# Why Extend A-Arms



## chairmnofthboard (Oct 22, 2007)

Everyone I've asked gave me different answers. I never extended mine and never had a problem.

So why extend?


----------



## 509Rider (Oct 20, 2003)

Take stress off of balljoints, mainly. There is a few other advantages but it depends on your setup.


----------



## Pepper (Jul 20, 2006)

yep. main reason is to take stress off of the upper control arm....specially if ya hoppin. your probably fine if your not hoppin....if you dont mind bowing dwn istead of bulldoggin. :biggrin:


----------



## chairmnofthboard (Oct 22, 2007)

What I would do was run a bump stop and change the ball joint angle. Never changed the ball joints once.

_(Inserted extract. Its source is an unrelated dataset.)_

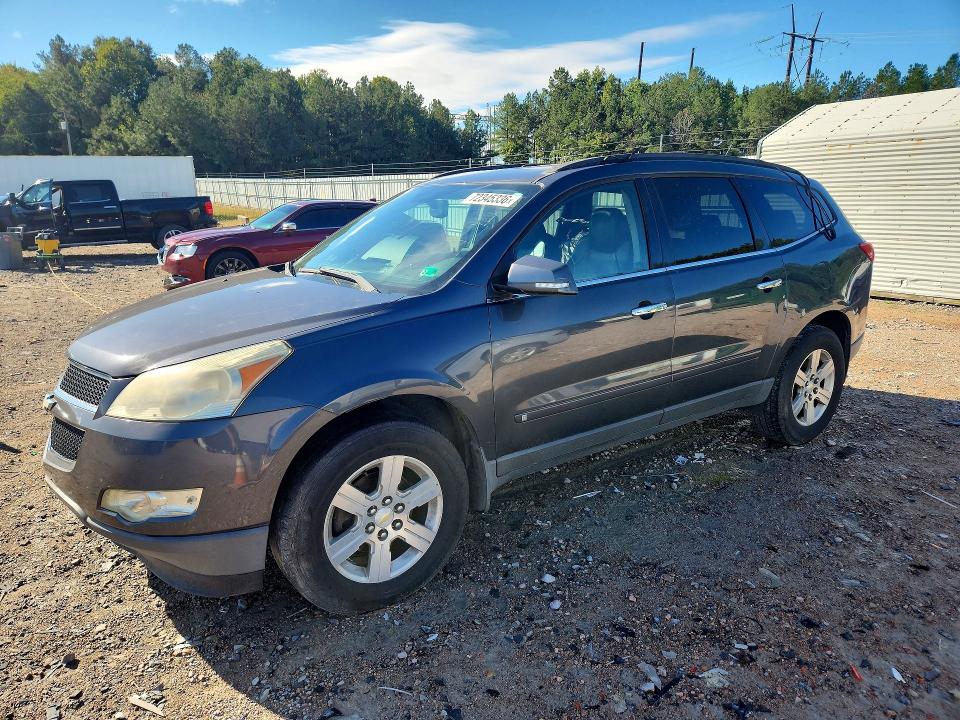 CHEVROLET TRAVERSE 2010 with VIN 1GNLRGED2AS123626 - Photo from auction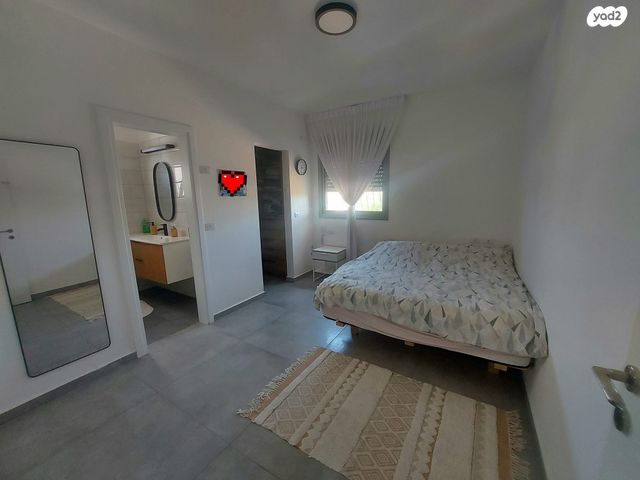 דירה, השלושה 2, מכב"י, יהוד מונוסון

But I would ask out of curiosity, and I would get a different reason every time. The ball joint was the only reason I seen to extend. But changing angle was better and It wouldn't have positive camber.


----------



## Pepper (Jul 20, 2006)

how did you change the angle? cut and weld?


----------



## LFTED84 (Jan 6, 2007)

when I got my car lifted they said extended A-Arms not only take stress off the ball joint but it will make your car hop better but I seen people hop like a mo fo with out have to extend


----------



## chairmnofthboard (Oct 22, 2007)

> _Originally posted by Pepper_@Nov 9 2007, 08:47 PM~9194733
> *how did you change the angle?  cut and weld?
> *


You could do that. Or just fab new arms. I just hate the way cars handle with positive camber. I needed an alternative solution. Worked great, no metal slamming sound either.


----------



## six trey impala (Sep 4, 2006)

the tires butterfly(bow in) when the cars locked up in the front and dont look so good..


----------



## 1 lowfukn ram (Oct 24, 2007)

this is how u change ur angle of the ball joint http://streetsource.com/forum/topic.aspx?m...&M=False&S=True


----------



## chairmnofthboard (Oct 22, 2007)

> _Originally posted by six trey impala_@Nov 9 2007, 08:57 PM~9194795
> *the tires butterfly(bow in) when the cars locked up in the front and dont look so good..
> *


true, but you spend most of your time at mid level or lowered.


----------



## chairmnofthboard (Oct 22, 2007)

> _Originally posted by 1 lowfukn ram_@Nov 9 2007, 08:58 PM~9194800
> *this is how u change ur angle of the ball joint  http://streetsource.com/forum/topic.aspx?m...&M=False&S=True
> *


pretty much


----------



## NY-BOSSMAN (Jul 15, 2006)

the shit looks badass and it also gives added suspension travel for the hoppers


----------



## SoLo 6T4 (Jan 28, 2006)

> _Originally posted by chairmnofthboard_@Nov 9 2007, 08:15 PM~9194509
> *Everyone I've asked gave me different answers. I never extended mine and never had a problem.
> 
> So why extend?
> *


travel=inches .....its hard to have the best of both worlds....on the cutty.. i have impy uppers exten 1 1/2..dropped cups and runnin 1/4 turn off full stacks...bulldogs hard...tires burn up quick...but 2" from bumper..for now...lol.so its a trade off..hope it helps


----------



## chairmnofthboard (Oct 22, 2007)

> _Originally posted by SoLo 6T4_@Nov 10 2007, 09:12 PM~9200569
> *travel=inches .....its hard to have the best of both worlds....on the cutty.. i have impy uppers exten 1 1/2..dropped cups and runnin 1/4 turn off full stacks...bulldogs hard...tires burn up quick...but 2" from bumper..for now...lol.so its a trade off..hope it helps
> *


travel does give you inches. but if you only extend the upper control arm, you don't gain travel. you need to extend both upper and lower to gain travel. Like a long travel desert truck.


----------



## SoLo 6T4 (Jan 28, 2006)

> _Originally posted by chairmnofthboard_@Nov 10 2007, 09:28 PM~9200675
> *travel does give you inches. but if you only extend the upper control arm, you don't gain travel. you need to extend both upper and lower to gain travel. Like a long travel desert truck.
> *



..the upper a arms are what restricts the limit of travel..the lowers can fold under if needed...with stock or just reinforced stocks..u cant get the full extention ..


----------



## chairmnofthboard (Oct 22, 2007)

I see, If extended in the CORRECT place is will give you more travel.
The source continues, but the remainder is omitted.